# Öffenlicher Bereich > Expat Forum / Auswanderer >  Was fressen Wasserschildkröten?

## gerhardveer

Als die Family kürzlich in zwei kleinen Teichen - wie hier gemeinerweise üblich - den Fischen das Wasser unter dem Bauch wegpumpte (*Balaaaah*), kamen auch vier der üblichen dunklen Wasserschildkröten in den zweifelhaften Genuss, im Eimer zu landen. Zum Glück hatte sie unsere kleine Enkelin NamMon sofort in ihr Herz geschlossen und sie damit vor dem Kochtopf bewahrt.
Vorläufiges Endergebnis: eine halbierte große Regentonne wurde umgebaut zum "Aquarischildkrötium". Soweitsogut, aber:

*Was fressen die Biester??* Die einen sagen Pak Bung, die anderen Fischfutter -weiß jemand von euch was?
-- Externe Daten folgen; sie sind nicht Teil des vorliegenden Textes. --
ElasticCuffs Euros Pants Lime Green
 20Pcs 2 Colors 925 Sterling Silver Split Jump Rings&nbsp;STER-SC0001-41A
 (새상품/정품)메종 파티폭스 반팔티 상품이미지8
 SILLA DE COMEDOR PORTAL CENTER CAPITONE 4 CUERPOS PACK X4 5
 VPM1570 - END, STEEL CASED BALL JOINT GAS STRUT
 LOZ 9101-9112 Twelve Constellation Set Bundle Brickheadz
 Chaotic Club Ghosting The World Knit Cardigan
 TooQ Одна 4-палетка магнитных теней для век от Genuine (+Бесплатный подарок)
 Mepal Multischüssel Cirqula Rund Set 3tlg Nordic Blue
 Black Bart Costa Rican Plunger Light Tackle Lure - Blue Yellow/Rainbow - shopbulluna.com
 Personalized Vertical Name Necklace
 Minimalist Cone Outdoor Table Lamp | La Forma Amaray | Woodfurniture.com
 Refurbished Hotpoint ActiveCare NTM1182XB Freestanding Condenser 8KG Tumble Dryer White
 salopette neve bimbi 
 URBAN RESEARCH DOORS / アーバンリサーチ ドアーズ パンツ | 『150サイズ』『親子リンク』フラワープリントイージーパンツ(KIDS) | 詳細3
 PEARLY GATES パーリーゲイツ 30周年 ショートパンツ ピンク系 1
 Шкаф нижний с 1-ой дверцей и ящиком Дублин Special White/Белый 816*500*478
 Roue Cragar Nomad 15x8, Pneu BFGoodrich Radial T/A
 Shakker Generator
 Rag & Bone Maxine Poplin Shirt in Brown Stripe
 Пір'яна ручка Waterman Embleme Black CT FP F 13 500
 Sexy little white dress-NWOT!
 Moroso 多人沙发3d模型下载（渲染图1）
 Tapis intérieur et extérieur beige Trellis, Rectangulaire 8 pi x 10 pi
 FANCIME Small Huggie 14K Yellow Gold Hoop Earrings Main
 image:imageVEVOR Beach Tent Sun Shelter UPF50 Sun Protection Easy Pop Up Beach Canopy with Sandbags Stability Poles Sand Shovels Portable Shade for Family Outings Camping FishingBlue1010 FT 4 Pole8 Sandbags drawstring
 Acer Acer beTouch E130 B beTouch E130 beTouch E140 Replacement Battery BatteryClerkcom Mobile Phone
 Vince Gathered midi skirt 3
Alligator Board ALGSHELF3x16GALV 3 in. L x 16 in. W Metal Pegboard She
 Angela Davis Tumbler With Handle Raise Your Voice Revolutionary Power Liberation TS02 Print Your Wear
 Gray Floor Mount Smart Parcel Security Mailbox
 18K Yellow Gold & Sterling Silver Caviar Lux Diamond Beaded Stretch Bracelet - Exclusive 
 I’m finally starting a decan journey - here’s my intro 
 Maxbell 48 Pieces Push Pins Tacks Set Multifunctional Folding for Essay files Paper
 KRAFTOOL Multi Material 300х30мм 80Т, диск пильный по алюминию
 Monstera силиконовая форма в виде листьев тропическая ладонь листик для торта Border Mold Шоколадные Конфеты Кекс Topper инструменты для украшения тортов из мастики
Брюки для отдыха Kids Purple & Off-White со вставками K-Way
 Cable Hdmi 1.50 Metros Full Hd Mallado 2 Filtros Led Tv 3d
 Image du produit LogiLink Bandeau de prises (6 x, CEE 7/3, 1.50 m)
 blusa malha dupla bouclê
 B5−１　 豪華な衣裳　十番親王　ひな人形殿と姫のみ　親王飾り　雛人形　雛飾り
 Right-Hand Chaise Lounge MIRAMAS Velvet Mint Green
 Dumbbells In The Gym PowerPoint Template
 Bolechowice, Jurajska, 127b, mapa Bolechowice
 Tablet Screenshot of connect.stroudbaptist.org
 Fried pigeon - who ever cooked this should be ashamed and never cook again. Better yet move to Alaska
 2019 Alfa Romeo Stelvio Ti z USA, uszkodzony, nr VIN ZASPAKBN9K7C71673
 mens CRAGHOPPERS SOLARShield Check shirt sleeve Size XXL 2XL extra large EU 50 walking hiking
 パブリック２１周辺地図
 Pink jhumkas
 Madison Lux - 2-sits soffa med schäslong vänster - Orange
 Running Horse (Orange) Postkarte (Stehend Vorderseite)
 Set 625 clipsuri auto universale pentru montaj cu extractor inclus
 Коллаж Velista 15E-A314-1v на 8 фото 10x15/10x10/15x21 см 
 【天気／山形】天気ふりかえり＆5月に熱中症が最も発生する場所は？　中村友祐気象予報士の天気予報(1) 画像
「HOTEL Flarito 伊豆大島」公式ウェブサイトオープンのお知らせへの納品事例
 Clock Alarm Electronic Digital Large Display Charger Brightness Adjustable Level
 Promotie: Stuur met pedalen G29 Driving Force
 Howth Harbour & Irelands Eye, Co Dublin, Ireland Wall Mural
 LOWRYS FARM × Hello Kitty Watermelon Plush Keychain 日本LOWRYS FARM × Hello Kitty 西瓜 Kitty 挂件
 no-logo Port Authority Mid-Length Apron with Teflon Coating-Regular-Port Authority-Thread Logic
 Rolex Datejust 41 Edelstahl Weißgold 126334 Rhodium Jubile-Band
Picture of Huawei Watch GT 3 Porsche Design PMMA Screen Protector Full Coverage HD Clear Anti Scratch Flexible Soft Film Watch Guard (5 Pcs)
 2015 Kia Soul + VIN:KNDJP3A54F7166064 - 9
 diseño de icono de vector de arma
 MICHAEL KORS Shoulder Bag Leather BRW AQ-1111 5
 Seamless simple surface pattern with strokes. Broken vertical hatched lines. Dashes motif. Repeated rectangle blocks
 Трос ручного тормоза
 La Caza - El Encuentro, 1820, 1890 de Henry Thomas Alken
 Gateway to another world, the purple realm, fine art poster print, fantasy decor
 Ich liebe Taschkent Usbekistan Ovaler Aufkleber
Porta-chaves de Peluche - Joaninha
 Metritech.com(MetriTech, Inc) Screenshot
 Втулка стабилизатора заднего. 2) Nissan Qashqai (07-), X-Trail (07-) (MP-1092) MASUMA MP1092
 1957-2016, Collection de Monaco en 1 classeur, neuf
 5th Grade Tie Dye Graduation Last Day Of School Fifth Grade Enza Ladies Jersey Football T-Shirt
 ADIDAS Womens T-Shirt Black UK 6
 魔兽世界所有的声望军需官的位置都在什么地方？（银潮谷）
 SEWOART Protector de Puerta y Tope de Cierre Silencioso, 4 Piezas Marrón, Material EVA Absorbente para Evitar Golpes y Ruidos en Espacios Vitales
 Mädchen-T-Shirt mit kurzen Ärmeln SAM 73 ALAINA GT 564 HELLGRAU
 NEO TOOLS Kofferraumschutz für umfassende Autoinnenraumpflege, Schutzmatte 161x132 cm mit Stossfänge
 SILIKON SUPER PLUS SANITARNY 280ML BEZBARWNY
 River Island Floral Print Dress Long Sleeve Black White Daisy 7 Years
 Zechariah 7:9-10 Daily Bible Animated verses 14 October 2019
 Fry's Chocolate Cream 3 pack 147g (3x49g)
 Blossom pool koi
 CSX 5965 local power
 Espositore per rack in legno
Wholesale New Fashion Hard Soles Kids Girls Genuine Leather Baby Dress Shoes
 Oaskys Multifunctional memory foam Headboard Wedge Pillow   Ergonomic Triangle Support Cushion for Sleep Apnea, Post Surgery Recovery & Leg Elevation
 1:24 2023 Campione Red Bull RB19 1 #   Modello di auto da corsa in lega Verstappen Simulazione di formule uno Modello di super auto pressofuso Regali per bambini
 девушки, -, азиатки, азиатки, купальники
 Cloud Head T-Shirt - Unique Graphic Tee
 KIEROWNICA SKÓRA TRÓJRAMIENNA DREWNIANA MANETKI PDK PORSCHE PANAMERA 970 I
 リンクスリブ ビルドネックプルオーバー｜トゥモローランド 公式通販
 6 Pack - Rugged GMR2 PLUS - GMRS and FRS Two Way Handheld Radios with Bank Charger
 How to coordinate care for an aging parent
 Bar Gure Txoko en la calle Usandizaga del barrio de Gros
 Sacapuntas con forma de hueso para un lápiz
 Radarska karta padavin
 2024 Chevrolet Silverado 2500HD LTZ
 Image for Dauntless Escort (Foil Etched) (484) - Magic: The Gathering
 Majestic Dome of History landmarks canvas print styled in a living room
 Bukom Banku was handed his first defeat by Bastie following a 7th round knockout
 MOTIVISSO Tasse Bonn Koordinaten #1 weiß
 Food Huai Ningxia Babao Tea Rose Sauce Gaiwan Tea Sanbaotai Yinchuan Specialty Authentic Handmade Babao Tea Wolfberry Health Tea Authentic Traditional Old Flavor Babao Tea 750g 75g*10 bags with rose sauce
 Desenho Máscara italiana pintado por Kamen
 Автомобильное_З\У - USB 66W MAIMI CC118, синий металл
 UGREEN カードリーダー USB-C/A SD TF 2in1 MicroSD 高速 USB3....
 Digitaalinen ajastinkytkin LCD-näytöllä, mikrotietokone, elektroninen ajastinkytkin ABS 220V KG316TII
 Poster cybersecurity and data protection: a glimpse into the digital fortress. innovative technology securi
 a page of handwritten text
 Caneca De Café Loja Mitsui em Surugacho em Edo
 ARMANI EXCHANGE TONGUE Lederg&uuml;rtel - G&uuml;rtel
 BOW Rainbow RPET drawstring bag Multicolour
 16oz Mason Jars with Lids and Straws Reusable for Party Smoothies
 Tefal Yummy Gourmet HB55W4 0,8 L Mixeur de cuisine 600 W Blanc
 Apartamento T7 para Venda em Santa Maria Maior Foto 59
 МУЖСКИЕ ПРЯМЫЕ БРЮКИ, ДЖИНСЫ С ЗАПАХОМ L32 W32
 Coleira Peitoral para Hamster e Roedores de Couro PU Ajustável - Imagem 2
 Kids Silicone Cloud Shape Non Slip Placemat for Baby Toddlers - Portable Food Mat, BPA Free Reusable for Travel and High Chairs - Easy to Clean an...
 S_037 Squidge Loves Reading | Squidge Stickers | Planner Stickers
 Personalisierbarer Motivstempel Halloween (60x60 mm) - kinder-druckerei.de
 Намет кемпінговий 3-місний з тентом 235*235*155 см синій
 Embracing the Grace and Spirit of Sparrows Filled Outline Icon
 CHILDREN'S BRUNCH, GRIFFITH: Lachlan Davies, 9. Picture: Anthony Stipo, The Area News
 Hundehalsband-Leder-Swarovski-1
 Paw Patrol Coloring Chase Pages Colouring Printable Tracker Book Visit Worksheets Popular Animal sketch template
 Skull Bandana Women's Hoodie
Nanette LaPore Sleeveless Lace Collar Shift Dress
              Grüßle  Gerhard



Sumpfschildkröte – unter Naturschutz und auf allen Märkten im Angebot...

----------


## wein4tler

Wasserschildkröten können nicht an Land essen, weil sie keinen Speichel haben und Wasser zum Schlucken brauchen. 
Fisch muss mindestens drei Mal pro Woche gefüttert werden. Ohne Fischfütterung kann es zu Vitamin B-Mangel kommen. Man kann auch Shrimps füttern.
Natürlich brauchen sie auch pflanzliche Nahrung, aber kein Obst (führt wegen des spezielen Darms zu Blähungen). 
In Europa gibt es in Tierhandlungen schon spezielle Nahrung für diese Schildkröten in Form von Pelletts, die alle wichtigen Stoffe enthalten.

----------


## schiene

ist zwar für Halter in Europa geschrieben aber sicher findest du hier auch was ..
http://www.wasserschildkroete.de/Gru...tenhaltung.htm

----------